Sion James couldn’t believe it.
Cooper Flagg stole the basketball from Pittsburgh’s Jaland Lowe and raced down the court in transition. In a play that could have registered on the seismic counters in Durham — both for its result and crowd response — Flagg slammed the ball down over Guillermo Diaz Graham for a season highlight, drawing a roar from the audience at Cameron Indoor Stadium. As teammates Kon Kneuppel, Khaman Maluach and Tyrese Proctor rushed over to celebrate with him, James’ mouth gaped open in utter disbelief.
“I’ve never seen a dunk like that while I’m on the court … I almost lost my mind when I was out there,” Malauch said.
“That’s the best in-game dunk I’ve ever seen,” Proctor added.
“We’ve had a few guys through the years make plays that just spark everybody in the building, and there was one of those moments tonight,” head coach Jon Scheyer said.
While no play from the Blue Devils’ 76-47 win over the Panthers was as commanding as Flagg’s poster over Diaz Graham, the end result — cold-blooded, relentless basketball — was the same through all 40 minutes. Some of that might be thanks to old-fashioned revenge, as Pittsburgh upset Duke at Cameron Indoor last season for the first time in 45 years. Forward Blake Hinson, who had gone 7-of-7 from outside the arc, taunted the Cameron Crazies at the press table after the win.
But can revenge alone explain the 29-point dismantling of Pittsburgh? The Panthers, one of the ACC’s top squads, were the first team out of the Jan. 6 AP Poll and rank 22nd nationally in offensive efficiency per KenPom.
“I think it’s crazy they’re not ranked with what they’ve done this season,” Scheyer said of the Panthers.

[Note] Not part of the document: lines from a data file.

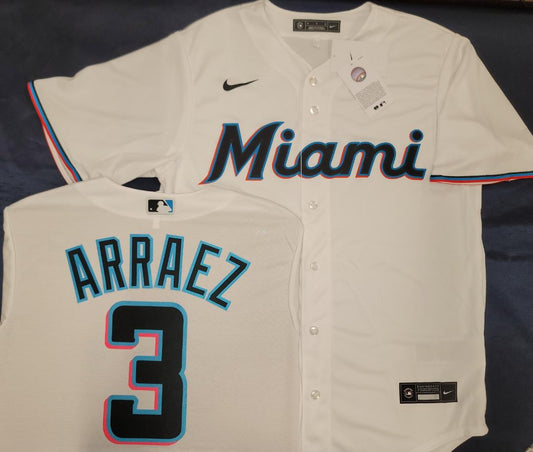 Nike Miami Marlins LUIS ARRAEZ Sewn Baseball Jersey WHITE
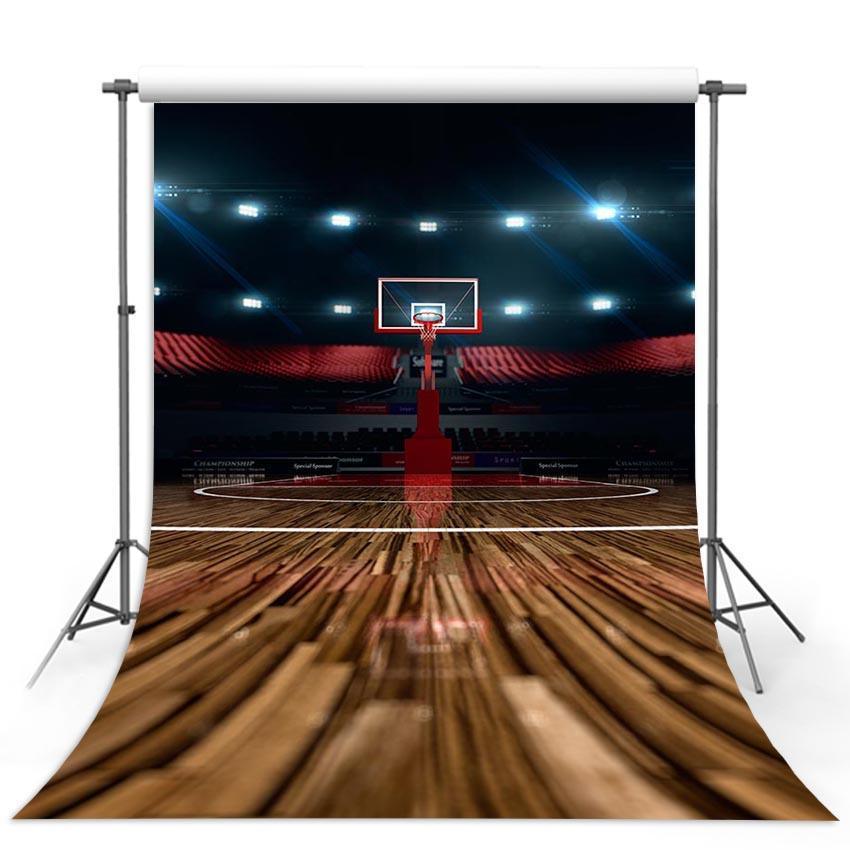 Night Stadium Wood Floor Backdrop Basketball Field Photography Background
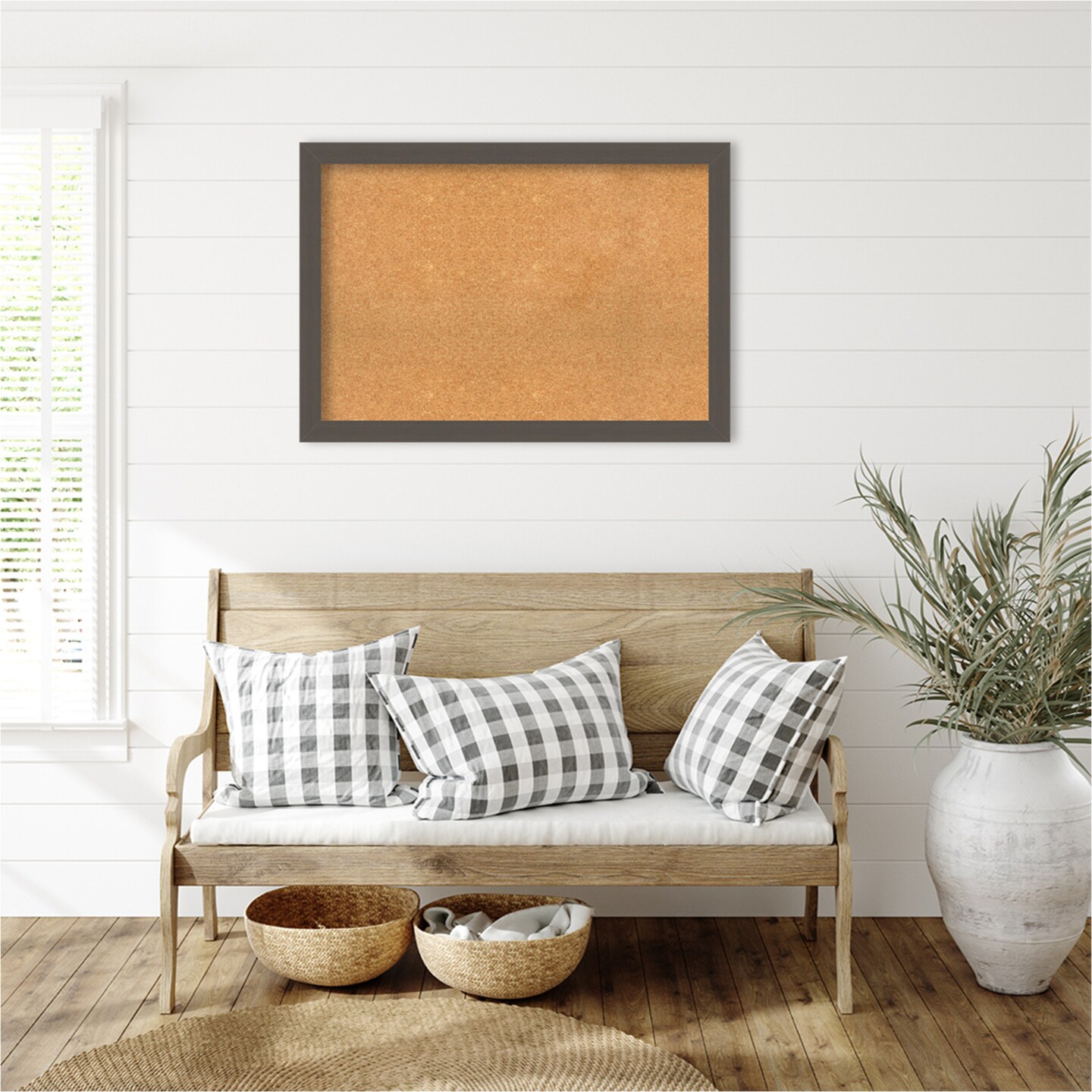 Brushed Framed Corkboard, Natural Cork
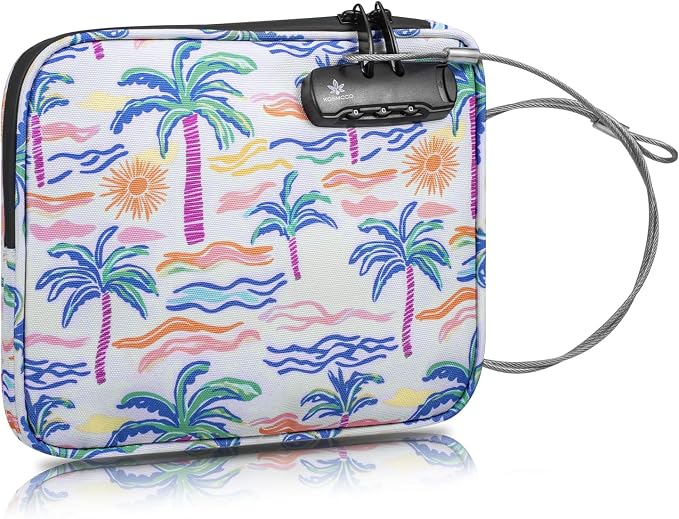 KOSMCCO Beach Locking Bag, Portable Safe, 9x7.5 Inch, Beach Day | Anti-Theft Design, Security Cable Included, Holds Phone Wallet and Keys, Ideal for Beach Pool Cruise and Travel by KosmccoCo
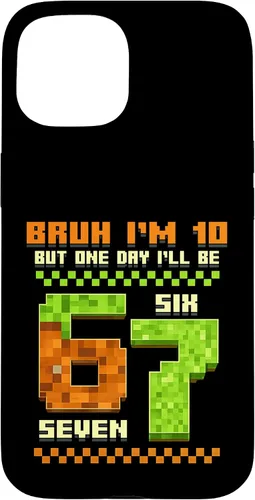 Vista 6 de Bruh I'm 10 But One-Day I'll Be 67 Retro 10th Birthday Kids Case for iPhone XR
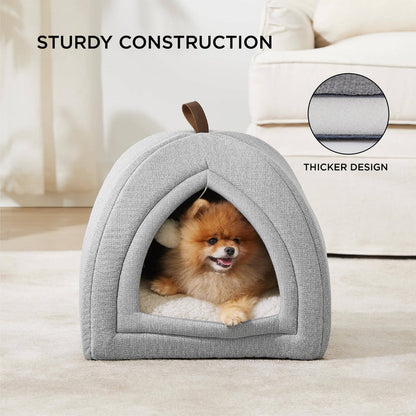 Light gray faux-linen pet tent with Pomeranian, showcasing its sturdy, cozy 2-in-1 design.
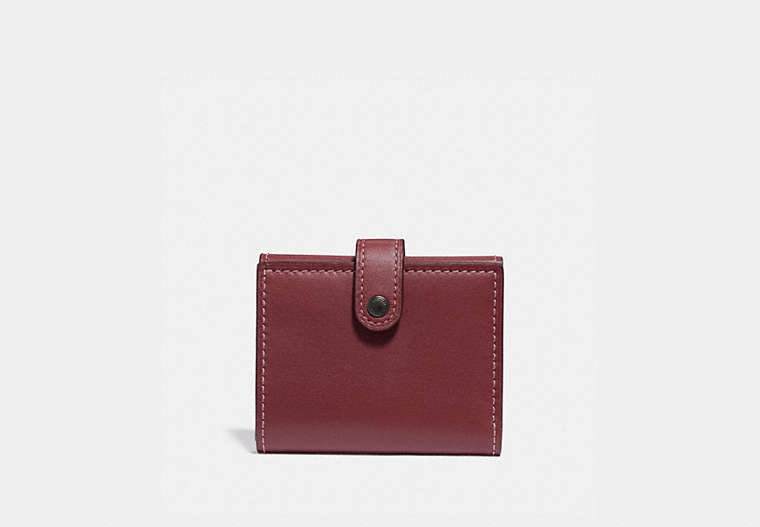 COACH®,SMALL TRIFOLD WALLET WITH ROSE PRINT INTERIOR,Leather,Black Copper/Wine,Front View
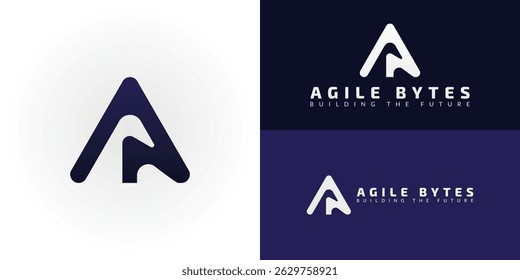 El logotipo moderno es ideal para una empresa de desarrollo de software con visión de futuro. Presenta una flecha que apunta hacia arriba y una A anidada que insinúa una B, simbolizando el crecimiento y el progreso.
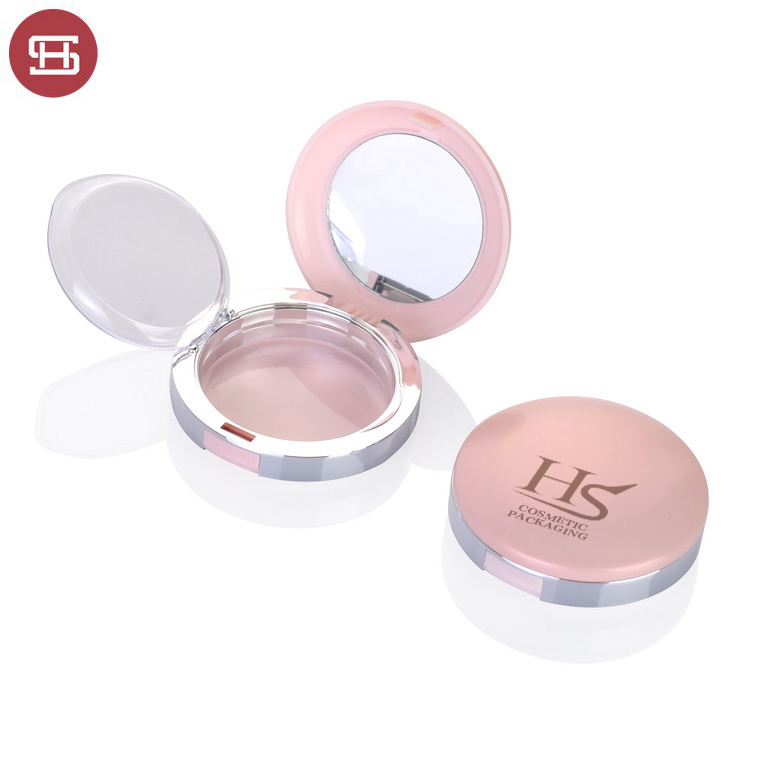 2019 China New Design Face Powder Compact – New products wholesale cosmetic round pressed black pink empty compact powder case packaging – Huasheng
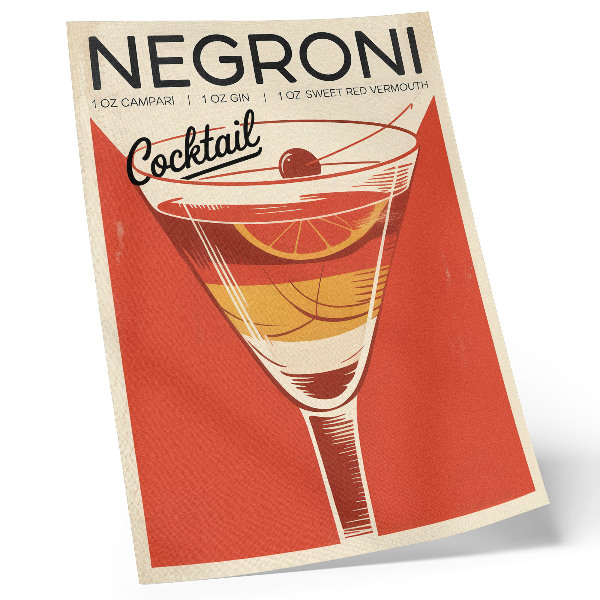 Lienzo decorativo moderno Gráficos de cócteles de estilo retro, elegancia y nostalgia.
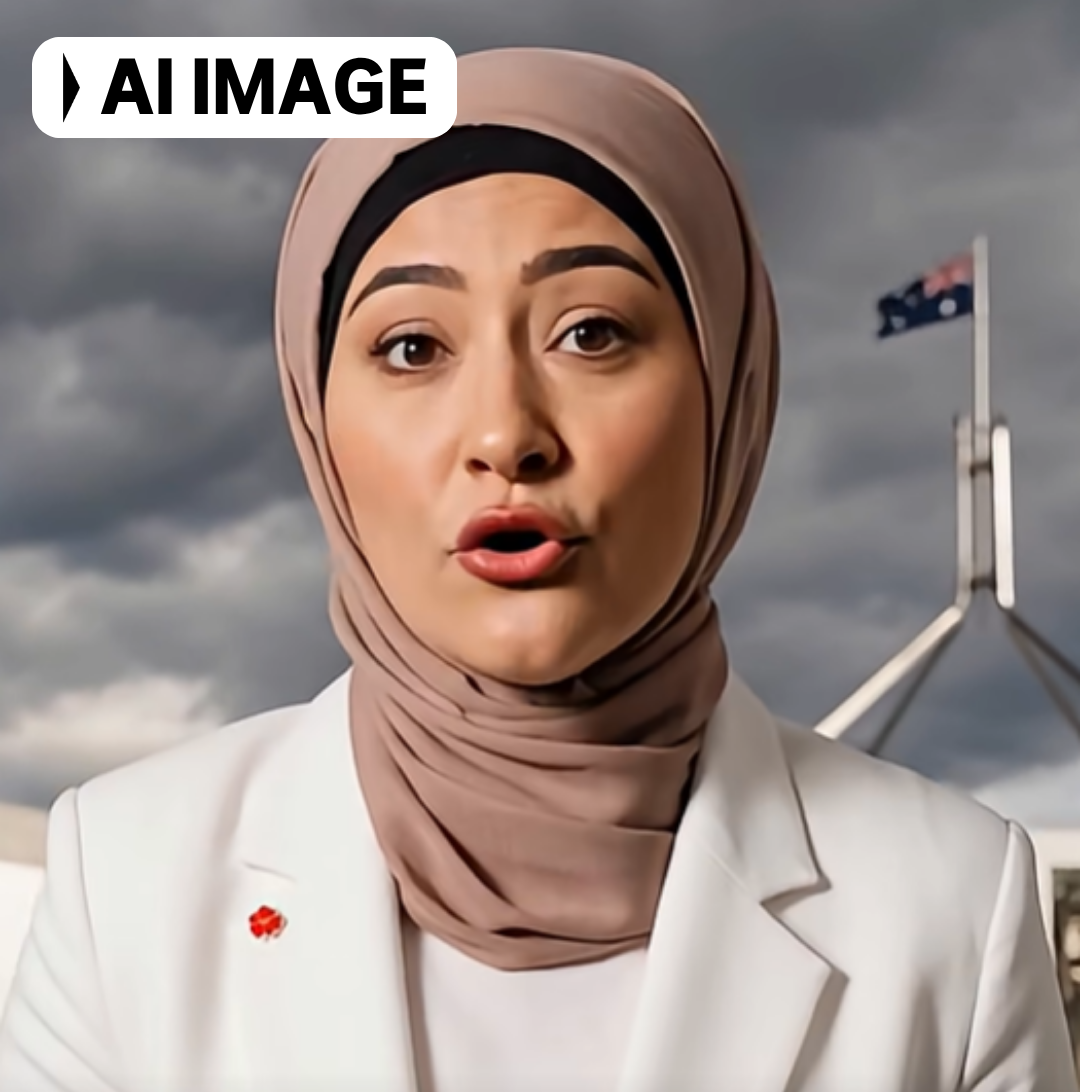 A woman speaking with parliament house in the background.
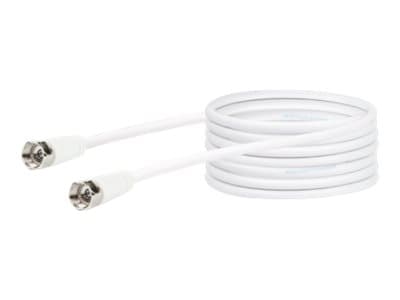 Schwaiger - Antennkabel - F-kontakt (hane) till F-kontakt (hane) - 5 m - dubbelt skärmad - 75 dB - vit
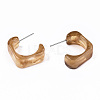 Transparent Resin Half Hoop Earrings EJEW-T012-06-B02-3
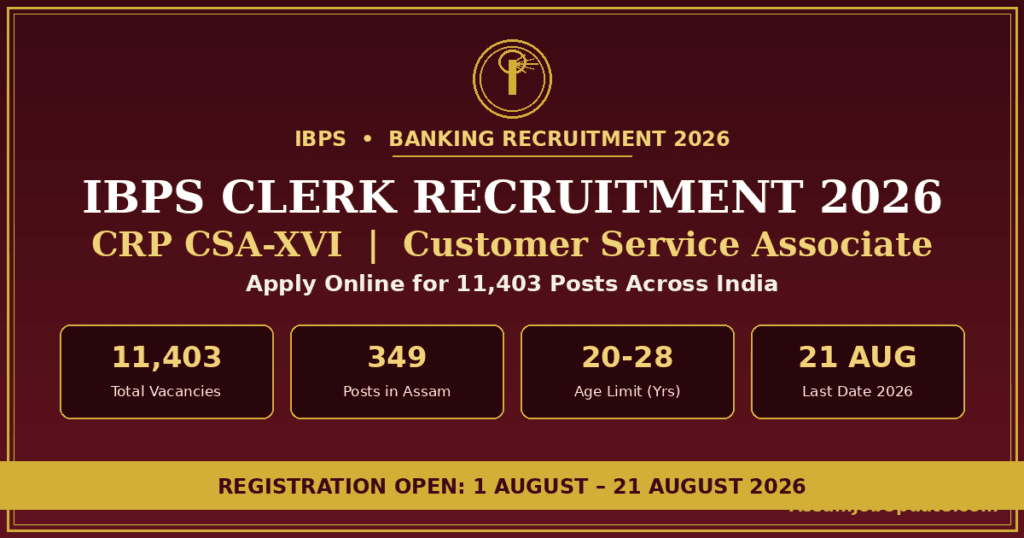 IBPS Clerk Recruitment 2026 CRP CSA-XVI notification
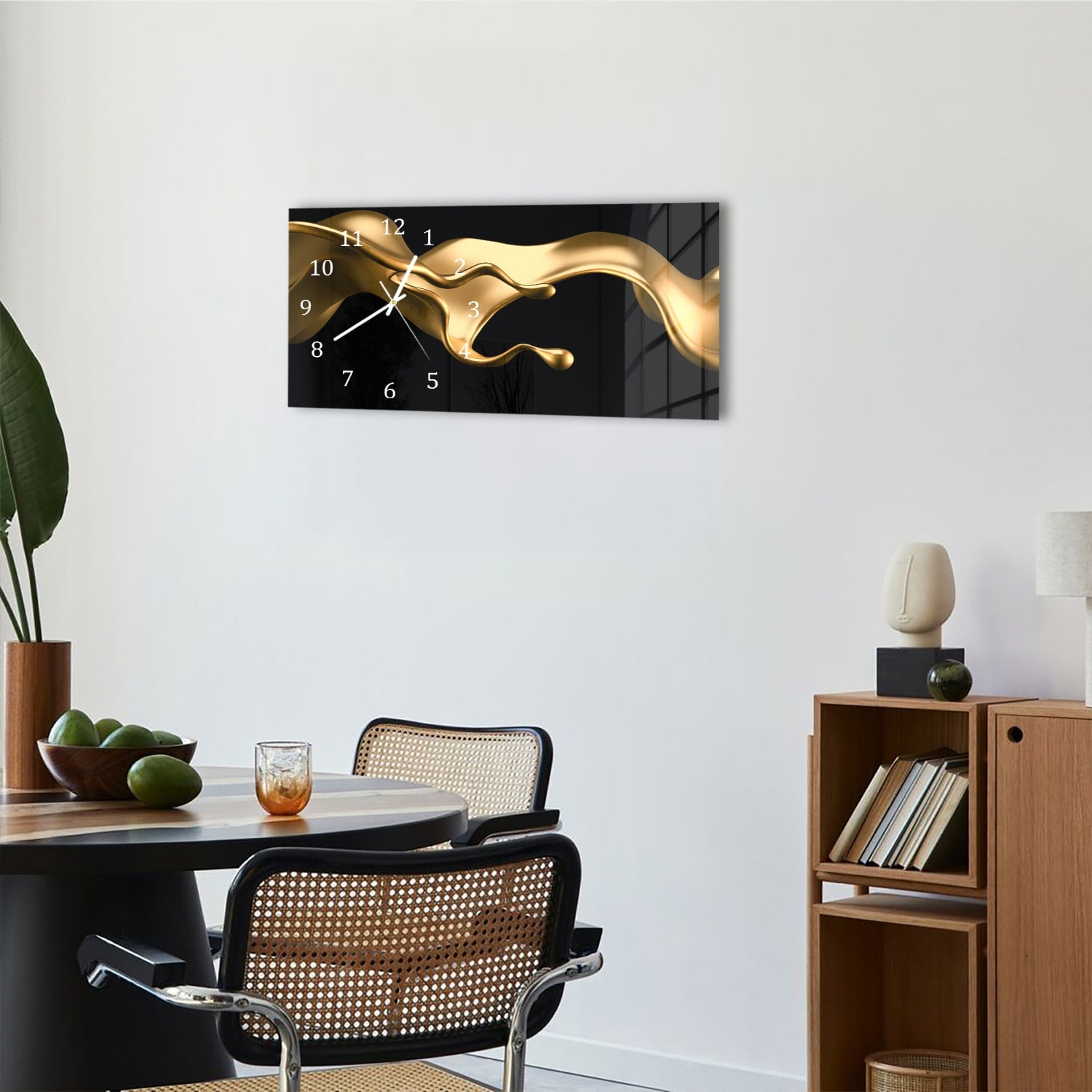 Wanduhr 60x30 - Elegante goldene Flüssigkeit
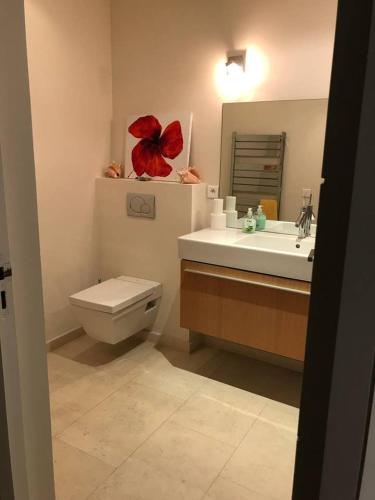 La salle de bains est pourvue de toilettes et d'un lavabo avec une arche rouge. dans l'établissement Independent One bedroom Apartment, à Antibes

The goal of any top-ranked college basketball team is, of course, to win a national championship, something Duke is well-equipped to do this season. However, it seems this year’s Blue Devils have enacted a separate goal — to impose their will on the rest of the ACC. In five conference games, Duke has outscored its opponents by an average of 23.2 points per game, which is 2.4 points better than its margin for nonconference games.
Why is that point differential so wide? Well, this Blue Devil squad is an embarrassment of riches. Take Knueppel, for instance. The freshman finished with a healthy 17 points, and shot 4-of-5 from deep in the last 27 minutes of the game following a pair of early misses from outside the arc.
“It’s funny how that works, because I felt the two best looks of the night were the first two that didn’t go [in],” Knueppel said. “Shooting is a fickle thing. Sometimes it goes in and sometimes it doesn’t, [you] just gotta keep putting them up.”
Knueppel’s impact stretches far beyond shooting in ways that traditional box score statistics fail to reflect. Pittsburgh’s guards attempted to drive against him for much of the game, but the Milwaukee native remained unfazed, forcing tough shots to help lead to a poor 31% shooting clip for the Panthers.
Proctor, the longest-tenured starter on the Blue Devils, also played a dynamic game, as his outstanding plus-minus of plus-42 reflects. The junior scored Duke’s last 10 points of the contest, which included a rare five-point play after a flagrant-2 foul on the Panthers’ Damian Dunn. In addition, the Sydney native assisted four 3-pointers in the first half, which included back-to-back feeds for Knueppel.
“Me and [Knueppel], we’re both elite 3-point shooters, so a lot of teams when we get downhill are gonna collapse,” Proctor said. “It’s just being able to read and trust each other that we’re going to make the right reads.”
Duke’s starting five each scored in double figures, their first time doing so since the Blue Devils’ Nov. 8 victory against Army. With how deep Duke’s roster is, it may come as a surprise that, in the second half, the bench combined for no points and just 12 minutes. Sophomore guard Caleb Foster, who started the first seven games of the 2024-25 campaign, was limited to just nine minutes, a career-low. While that fact may reflect an underachieving season from the Harrisburg, N.C., native, it also shows just how dominant the Blue Devils’ win truly was.
The lineup of James, Proctor, Knueppel, Flagg and Maluach, plus a strong supporting cast, can contend with any title-hungry team. But “contending” cannot describe what has occurred when Duke has met its ACC rivals thus far. The Blue Devils seem to be fighting against mere mortals in conference play.
Granted, the ACC is having a down year, with just five of its teams projected to make the dance in Joe Lunardi’s most recent Bracketology. And Duke could very well have its work cut out for it in a road contest against Clemson Feb. 8, as well as its two matchups against archrival North Carolina. But if Duke continues to execute as well as it did against Pittsburgh, even those challenges may feel less like obstacles and more like opportunities to assert its supremacy.
Right now, the rest of the ACC is simply trying to keep up.